We’re looking at a not-so-distant world of digital where perfect copies of our behaviors (and assumed needs and wants) direct the entire decision cycle for us. Sure, we’ll need to figure out how to teach them to think like people and interact like computers. But with Apple’s Siri and Microsoft’s Cortana, we’re seeing the foundation of digital interaction on a level unlike anything before.

A digital world where machines make the decisions sounds crazy, but it’s not.

Because M2M marketing will be the key to making it all work.

B2C vs. M2M

This may all sound like some kind of strange Orwellian future. Some distant Jetsons future-scape.

But it’s coming. As marketers, we need to prepare; and we can start by asking some basic questions.

How do machines and algorithms learn to “trust” each other? How does marketing to a machine differ from marketing to a person?

Programmatic advertising as we know it leans on data from hundreds, thousands, or even millions of people over time to identify trends in behavior. To begin launching M2M campaigns, we’ll need to rethink the playbook, so to speak. We’ll still need to include the decades of user research and behavioral modeling publishers and advertisers have now, but that won’t be enough.

Humans are driven by emotional needs and wants. We connect with aesthetic or story elements in advertising and use those intuitions to inform our choices. We remember the brands that make us laugh and cry. We hum catchy jingles in the shower. We find our eyes drawn to bold logos and elegant packaging.

Machines don’t.

Whatever takes over will likely have a wildly different buyer journey than its human counterpart would. A machine might skip parts of the funnel entirely if it deems them inefficient or seemingly "off course" — because logic is the sole motivator. It won’t ask its friends for recommendations the way we would. It won’t add things to its digital cart and then forget about them.

To mend this divide, we’ll start to see a hybrid of preferences we set within our devices, some SEO-like approach that helps machines find, understand, and trust other machines (think: semantic search combined with schema type markups on steroids), and we’ll start seeing behind the scenes deals between brands.

But it won’t all happen at once.

The Near & Distant Future of M2M

The immediate returns of M2M marketing will materialize in innovations like Amazon’s anticipatory shipping, where the retail giant will pre-pack items for shipping according to an algorithm based on your order history and trends.
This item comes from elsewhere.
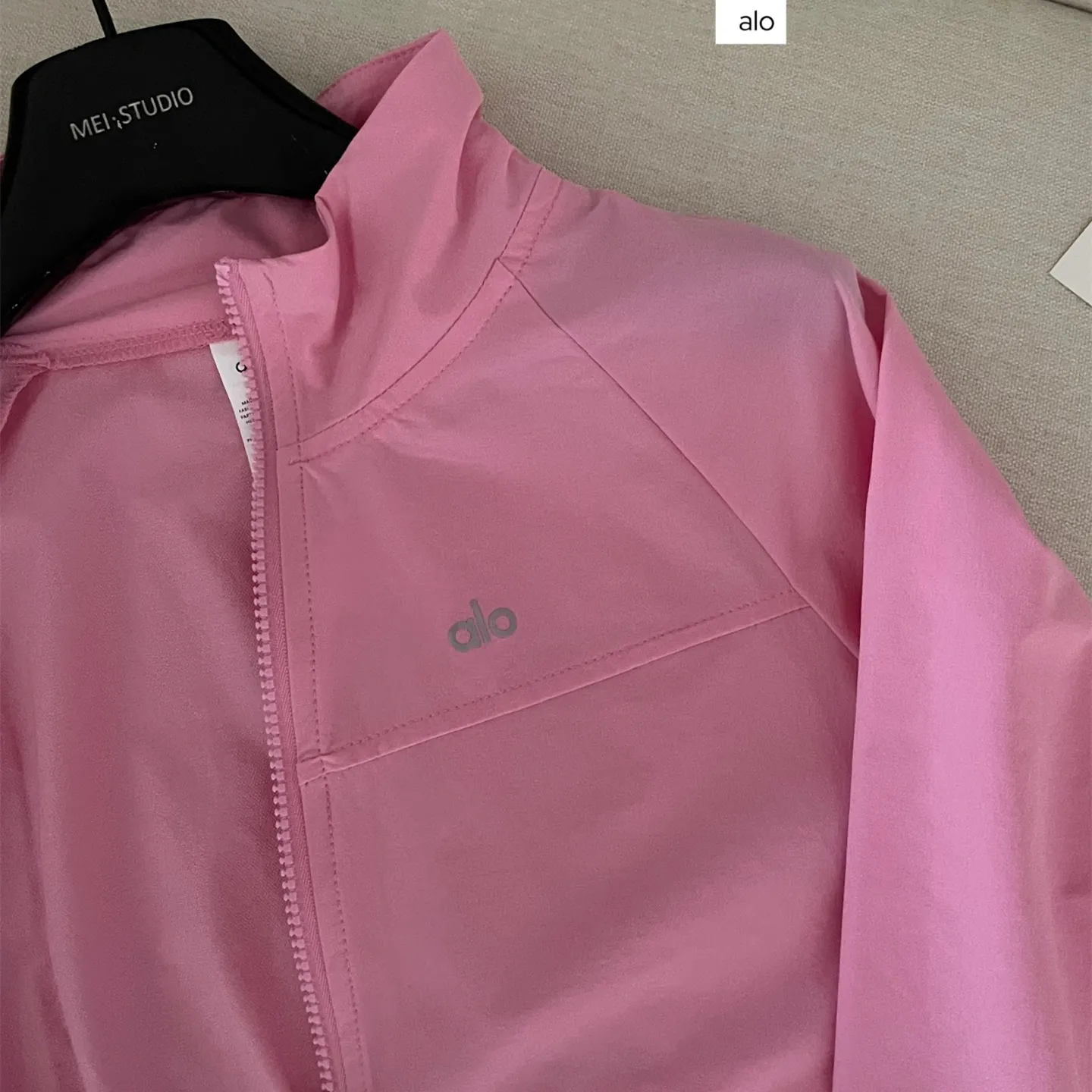 『S-L』テニス風 クール フィットカット 軽量 通気性生地 UVカット シルエット強調 アウター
Small test concepts like this will start to become everyday norms, leading the way to a more connected and automated world.

It’s important to remember, though, that the smartest objects and machines won’t simply buy, sell, and replace. That’s how things will start. But they’ll soon do much more. They’ll think. They’ll learn. They’ll evolve. They’ll “help” us make better decisions. But, to do this, they have to be connected to the newly converged online and offline worlds.

They’ll need to be able to discover, evaluate, and test products. These AI-powered devices will have to learn how to read human reviews, delineate between marketing and word of mouth, and know when to ask for help. And they’ll consume both content and advertising, in whatever forms they end up taking.

A smarter, more automated world will soon be a reality. Sooner than we think.

It’s time for marketers to start getting ready.